The Delaware House Health and Human Development Committee discussed HB140 on Wednesday, a bill that would legalize physician-assisted death for terminally ill individuals.

If passed, Delaware would join the eleven other jurisdictions that already authorize physician-assisted death. While each state has their own unique laws concerning the practice, they all share the same basic qualifications: a person must be terminally ill and within six months of a natural death to utilize physician-assisted death.

Proponents of physician-assisted death describe the practice as a way to reduce suffering and help patients regain a sense of control or sense of self at the end of their life. Though methods vary, physician-assisted death typically involves a physician providing a prescription for a lethal dose of medication to a terminally ill patient who has decided to end their life. The patient then administers the medication to themselves, allowing them to end their life painlessly.

The right-to-die movement first gained notoriety in the late 1970s, largely due to a book by Derek Humphry entitled “Jean’s Way.” The book discussed Humphry’s own experience in helping his wife, Jean, take her own life after her diagnosis with terminal cancer. The book’s popularity ultimately led to Humphry founding the Hemlock Society in 1980, a group that sought to aid terminally ill individuals in ending their lives peacefully. The Hemlock Society, alongside groups such as Compassion in Dying, also played an active role in pushing for legislation legalizing physician-assisted death.

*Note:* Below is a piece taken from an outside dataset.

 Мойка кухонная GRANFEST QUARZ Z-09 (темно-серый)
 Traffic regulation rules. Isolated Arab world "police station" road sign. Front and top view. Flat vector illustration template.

However, despite growing support for “death with dignity” legislation, the right-to-die remains a polarizing issue. Supporters of the movement believe the practice should be legalized throughout the country, with more radical supporters arguing that physician-assisted death should be an option for those suffering from mental illness, not just the terminally ill. Right-to-die activists like the Final Exit Network have even taken matters into their own hands by assisting individuals in ending their lives, even in states where it is not yet legalized.

On the other hand, some critics liken physician-assisted death to euthanizing an animal, with several organizations raising valid concerns over discrimination and ethical issues. Not Dead Yet, a disability rights group, opposes legalizing physician-assisted suicide on the grounds that it is ableist. The group argues that because terminally ill patients are often also individuals with disabilities, offering death as a “treatment” may result in patients foregoing other options such as therapy or home care services that could improve their quality of life. Other disability activists argue that due to the lack of resources and affordable healthcare, individuals with terminal illnesses may feel as if they have no other options besides physician-assisted death. The American Medical Association’s Code of Medical Ethics also takes a strong stance against physician-assisted death, stating that it is, “fundamentally incompatible with the physician’s role as healer, would be difficult or impossible to control, and would pose serious societal risks.”

In short: the right-to-die movement is complicated. Though individuals suffering from terminal illness deserve the right to make choices regarding their own lives, physician involvement undoubtedly muddies the waters. It prompts questions over whether this is truly ethical, whether the patient was given a chance to fully explore their other options, and whether the choice to die is due to a lack of resources. Per Oregon’s 2020 Death with Dignity Act Report, 6.1% of individuals who utilized physician-assisted suicide cited “financial implications of treatment” as one of the reasons for ending their life. While this percentage may seem small, it still begs the question: are our societal failings forcing their hand?


Aimee Harvey graduated from the University of Arizona with a B.S. in Public Health and a minor in Spanish. She is currently a 3L with plans to work in indigent defense, family law, or estate planning. Within the topic of social justice, her interests include LGBTQ+ issues and reforming criminal justice, immigration, and tax systems.